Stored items
^^^^^^^^^^^^^^^^

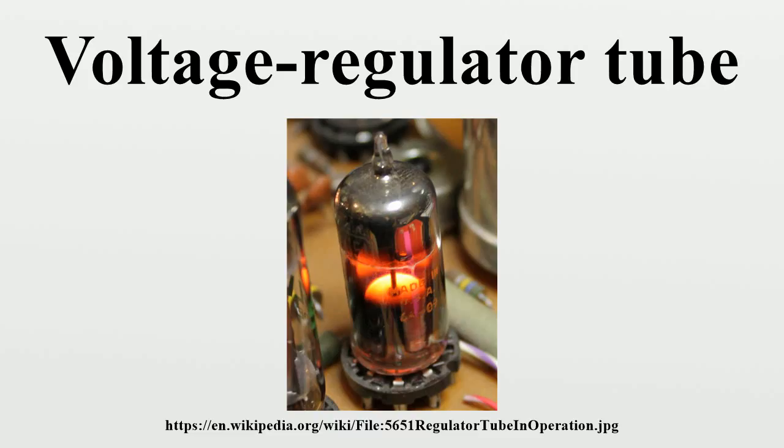Correctly operating VR tubes glow during normal operation. The color of the glow varies depending upon the gas mixture used to fill the tubes. Though they lack a heater, VR tubes often do become warm during operation due to the current and voltage drop through them.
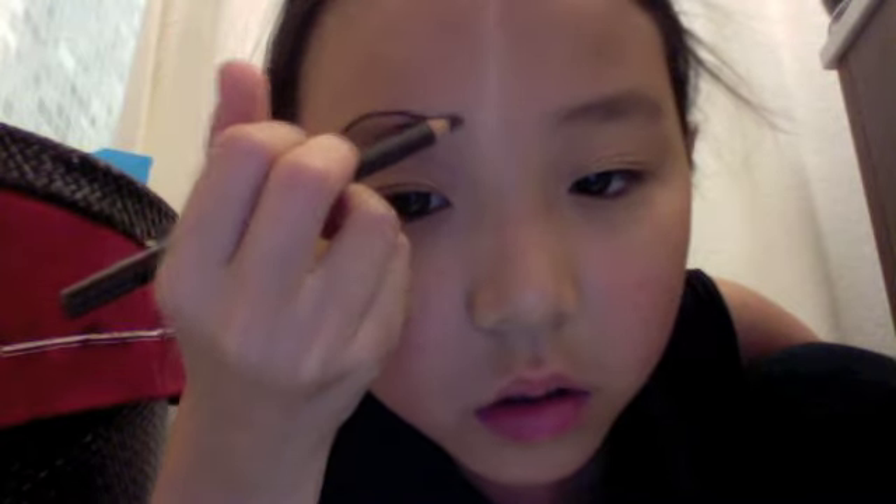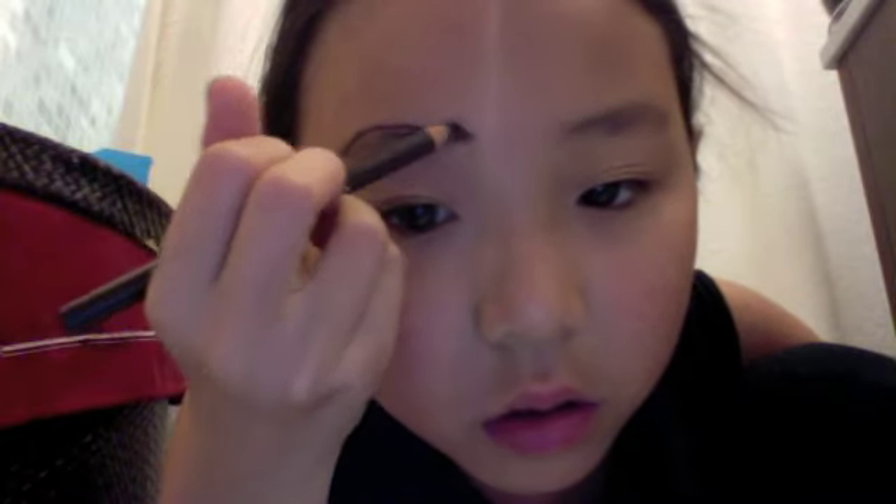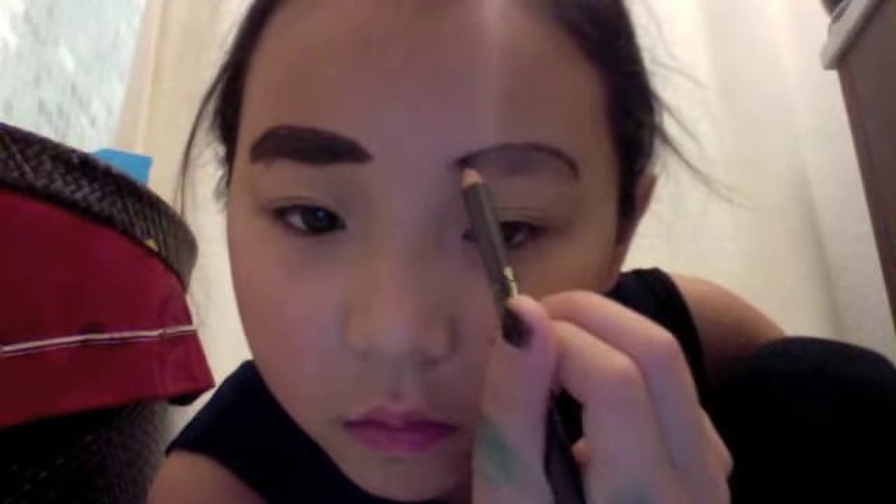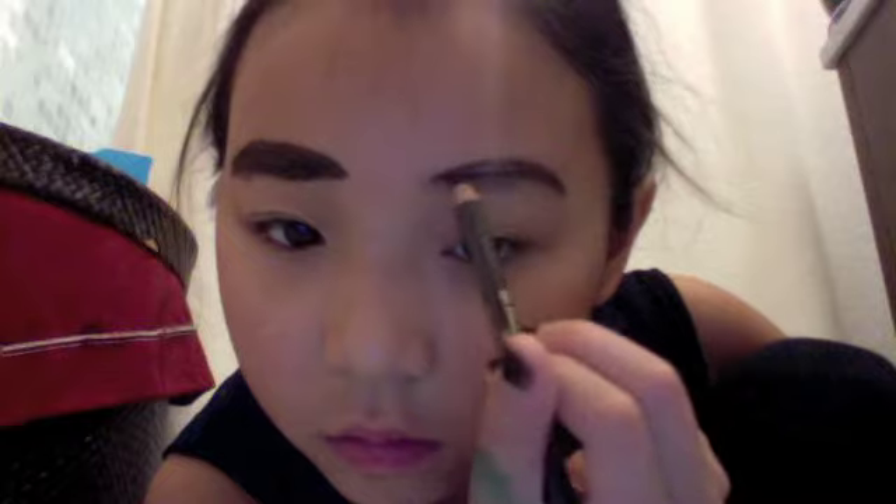Then take an eyebrow pencil and make your brows very thick. I know what you're thinking — wow, that's a lot of eyebrow pencil — but don't worry, I fixed it later in the video.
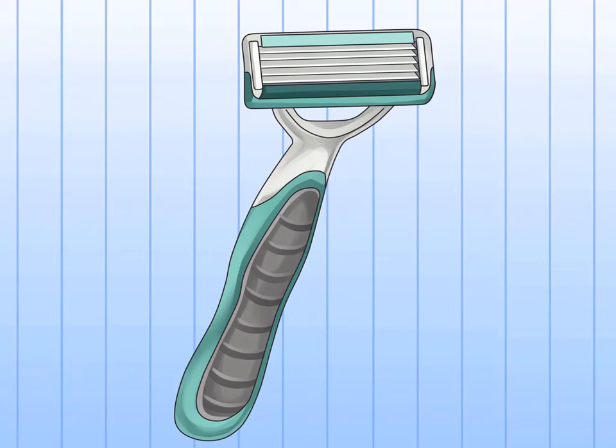Choose a multi-blade razor. It's important to choose a razor with more than one blade, since single-blade razors are more likely to drag against the skin. Three blades is typical for a razor, and razors come with as many as six blades. You should experiment and see what number of blades feels best on your skin.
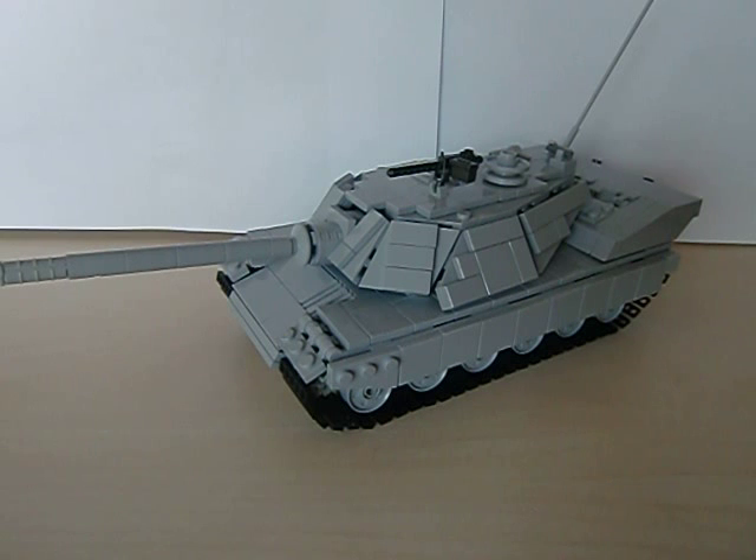So, want to build one? Here it is. I think it looks very nice. A great inspiration source was Andrew Summers, who is, in my honest opinion, the best modern tank builder on the whole internet. Check him out.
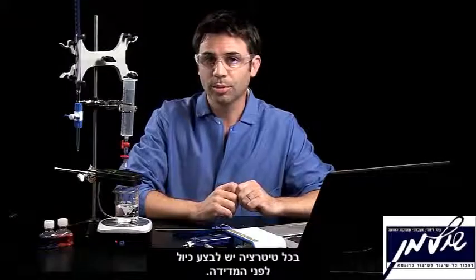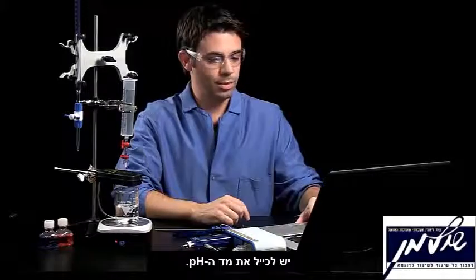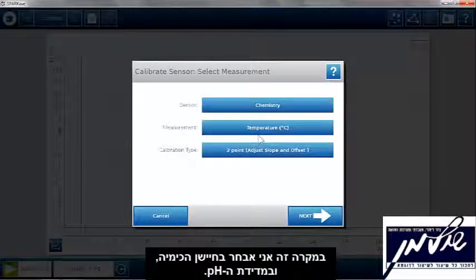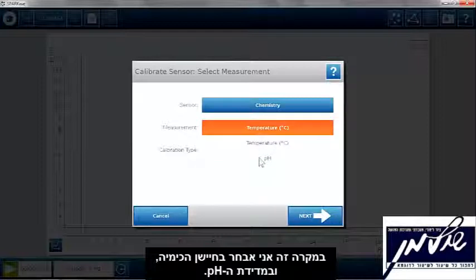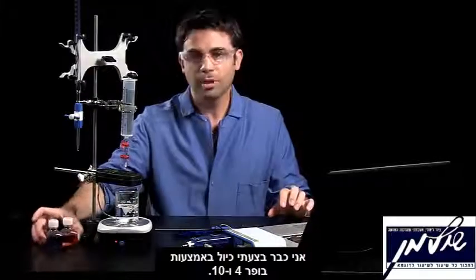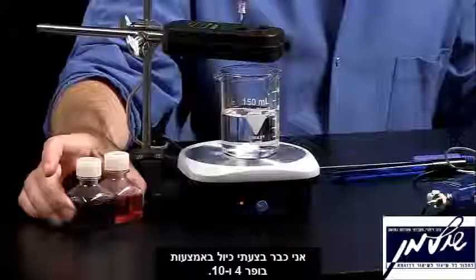With any titration, you want to do some calibrations beforehand. You want to calibrate the pH meter, and to calibrate in Spark, you go to the tools and you can calibrate your sensor. In this case, I can calibrate my chemistry sensor and my pH. I already pre-calibrated this with my buffers 4 and 10.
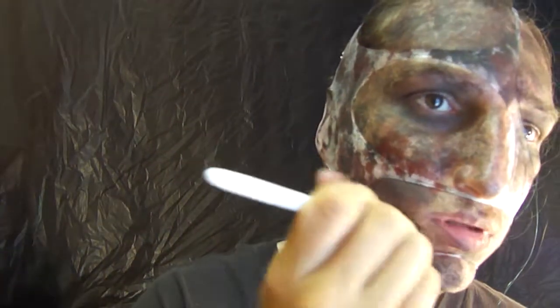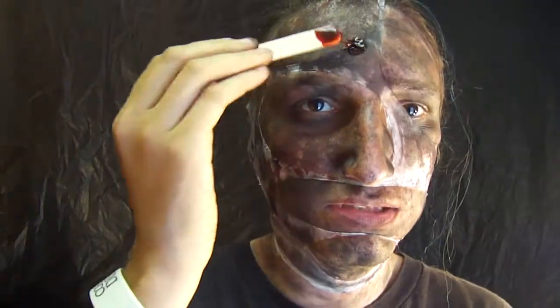Now you don't want to add sweat to the pattern. After you get your blood, you just want to apply some to your face every once in a while.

^^^^^^^^^^^^^^^^

Please set down, exactly and with no pictures, the lines in the entries above starting at the one holding "Then take an" and ending at the one holding "Choose a multi-blade", ends included.

Then take an eyebrow pencil and make your brows very thick. I know what you're thinking — wow, that's a lot of eyebrow pencil — but don't worry, I fixed it later in the video.
Choose a multi-blade razor. It's important to choose a razor with more than one blade, since single-blade razors are more likely to drag against the skin. Three blades is typical for a razor, and razors come with as many as six blades. You should experiment and see what number of blades feels best on your skin.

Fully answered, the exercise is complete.